What changed
RBI circular DBOD.FID.FIC.No 9/01.02.00/2010-11 dated December 1, 2010, advised that the prudential guidelines on investment in venture capital funds (VCFs) issued to banks via circular DBOD No. BP.BC.27/21.01.002/2006-2007 dated August 23, 2006, shall apply mutatis mutandis to select All-India Financial Institutions (AIFIs). The AIFIs covered are Exim Bank, NABARD, NHB, and SIDBI.
What it means for you
AIFIs must now follow the same VCF investment norms as banks, including exposure limits, capital adequacy treatment, and risk management requirements. This harmonizes the regulatory framework across financial institutions and ensures consistent prudential oversight for venture capital exposures.
What you must do
- Review the original bank VCF guidelines (August 23, 2006 circular) and adopt them for your institution's VCF investments.
- Update internal policies and risk management frameworks to align with the extended norms.
- Ensure compliance with exposure limits and capital adequacy treatment as per the bank guidelines.

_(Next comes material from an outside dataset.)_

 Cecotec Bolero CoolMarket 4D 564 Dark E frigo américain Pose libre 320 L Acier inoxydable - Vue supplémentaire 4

- Train relevant staff on the new requirements for VCF investment monitoring and reporting.
Who it affects
Exim Bank, NABARD, NHB, SIDBI, All-India Financial Institutions (AIFIs)
Which institutions are covered by this circular?
The circular applies to select All-India Financial Institutions: Exim Bank, NABARD, NHB, and SIDBI.
What guidelines are being extended?
The prudential guidelines on investment in venture capital funds (VCFs) originally issued to banks on August 23, 2006, are now applicable mutatis mutandis to the specified AIFIs.
When does this circular take effect?
The circular is dated December 1, 2010, and is effective immediately from that date.